On October 8, 2025, the Board of Directors, on the recommendation of the Nominating Committee, decided to change Sodexo's governance structure effective November 10, 2025, with the appointment of Thierry Delaporte as Chief Executive Officer of the Group. In this context, the role of Chair of the Board of Directors will be dissociated from that of Chief Executive Officer. Effective November 10, 2025, Sophie Bellon will serve as non-executive Chair of the Board of Directors for the duration of her term as director.
In light of this new split governance structure, the Board of Directors, on the recommendation of the Compensation Committee, has established new compensation policies for the Chairwoman of the Board of Directors and the Chief Executive Officer. These policies have been established in line with the Group's practices, taking into account the experience and role of the executives concerned and market practices.

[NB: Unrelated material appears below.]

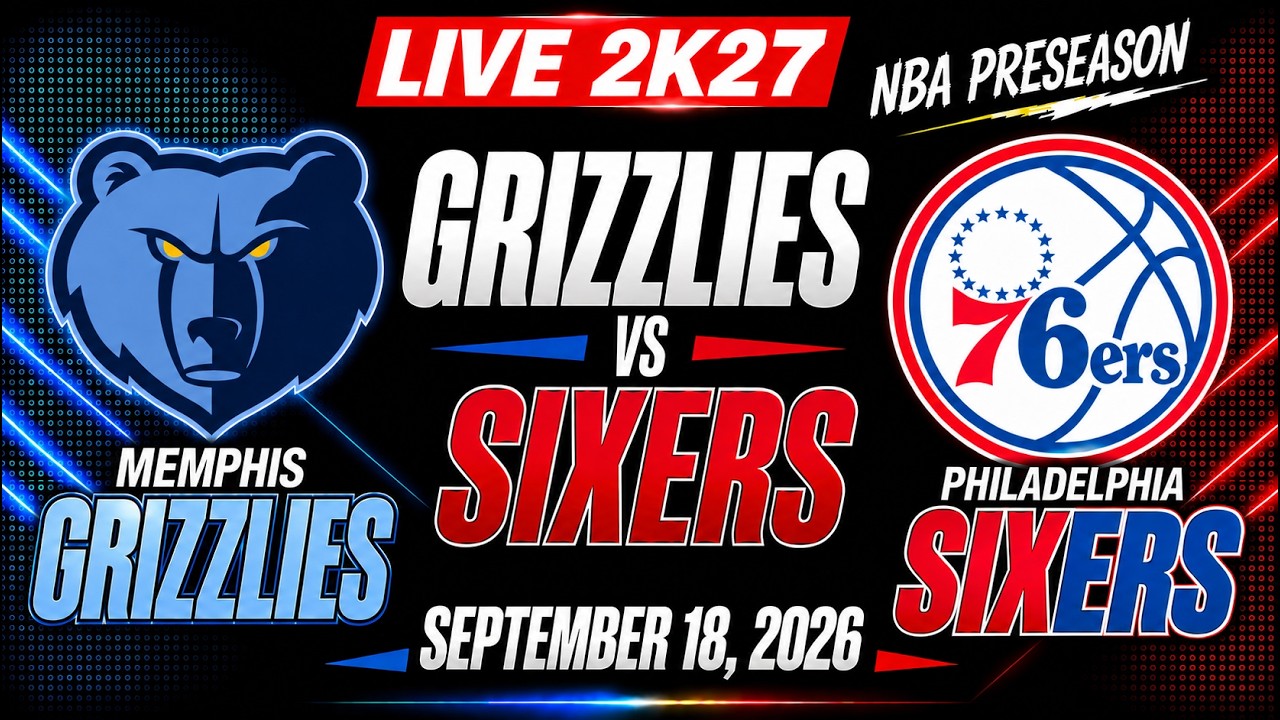 Philadelphia 76ers против Memphis Grizzlies | 18 сентября 2026 г. | Предсезонный матч НБА | Симул...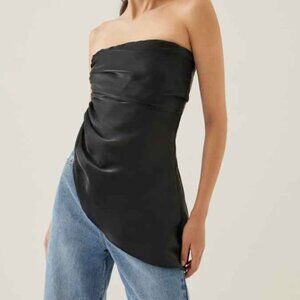 love bonito strapless black top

Therefore and in accordance with article L.22-10-8 II of the French Commercial Code, shareholders are invited by the Board of Directors, based on the recommendation of the Compensation Committee, to approve the following compensation policies:
It is specified that these remuneration policies are submitted by the Board of Directors upon recommendation of the Compensation Committee and are reproduced in full in the Board of Directors’ corporate governance report, in section 7.3.1 of the 2025 Universal Registration Document.
Having considered the Board of Directors’ Report, the Shareholders Meeting, acting under the rules of quorum and majority applicable to Ordinary Shareholders Meetings and in accordance with article L.22-10-8 II of the French Commercial Code, approves the compensation policy applicable to the Chairwoman and CEO for the period from September 1, 2025 to November 9, 2025 (included), as set by the Company’s Board of Directors based on the recommendation of the Compensation Committee and as described in the Corporate Governance Report drawn up in compliance with article L.225-37 of the French Commercial Code and set out in section 7.3.1.3.2 of this Fiscal 2025 Universal Registration Document.
Having considered the Board of Directors’ Report, the Shareholders Meeting, acting under the rules of quorum and majority applicable to Ordinary Shareholders Meetings and in accordance with article L.22-10-8 II of the French Commercial Code, approves the compensation policy applicable to the Chairwoman of the Board of Directors as from November 10, 2025, as set by the Company’s Board of Directors based on the recommendation of the Compensation Committee and as described in the Corporate Governance Report drawn up in compliance with article L.225-37 of the French Commercial Code and set out in section 7.3.1.3.3 of this Fiscal 2025 Universal Registration Document.
Having considered the Board of Directors’ Report, the Shareholders Meeting, acting under the rules of quorum and majority applicable to Ordinary Shareholders Meetings and in accordance with article L.22-10-8 II of the French Commercial Code, approves the compensation policy applicable to the Chief Executive Officer as from November 10, 2025, as set by the Company’s Board of Directors based on the recommendation of the Compensation Committee and as described in the Corporate Governance Report drawn up in compliance with article L.225-37 of the French Commercial Code and set out in section 7.3.1.3.1 of this Fiscal 2025 Universal Registration Document.